→ **The problem**: Your answer must be the lines from the top of the listing below through the line that holds "Vestidos Muslimische frauen", retyped exactly, with no pictures.

→ **Raw data**:
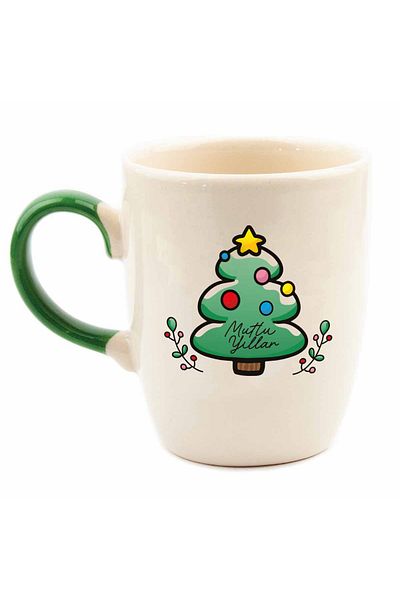 PALTO TASARIM Christmas Tree Colored Handle Cream Shiny Oval Mug No:2- Christmas Themed Mug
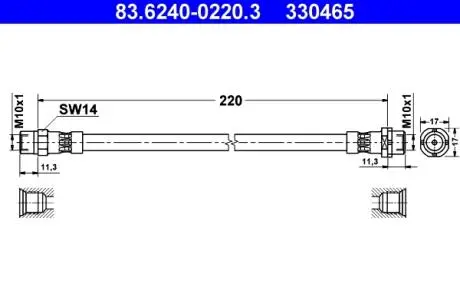 83624002203 Гальмівний шланг ATE підбір по vin на Brocar
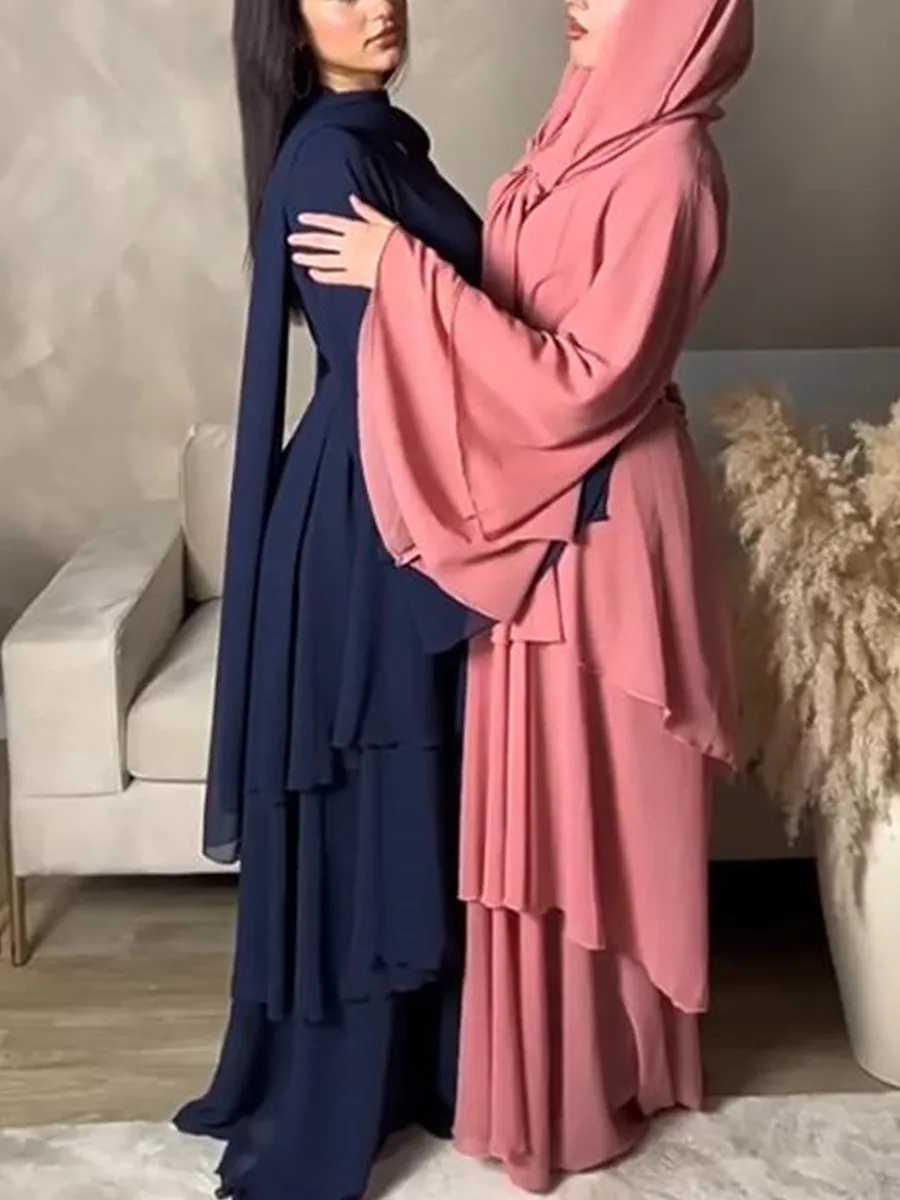 Vestidos Muslimische frauen Chiffon Abaya Lange Hijab Kleid Kimono Strickjacke Ramadan Modest Robe Kaftan Africains Femme Abendkleider Image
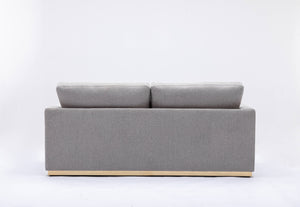 English Elm Valin Gray Linen Sofa with Pocket Coil Seats, Wooden Frame & Metal Base — Modern Compact Comfort B2726P245414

→ **Reply to the task**:
 PALTO TASARIM Christmas Tree Colored Handle Cream Shiny Oval Mug No:2- Christmas Themed Mug
 83624002203 Гальмівний шланг ATE підбір по vin на Brocar
 Vestidos Muslimische frauen Chiffon Abaya Lange Hijab Kleid Kimono Strickjacke Ramadan Modest Robe Kaftan Africains Femme Abendkleider Image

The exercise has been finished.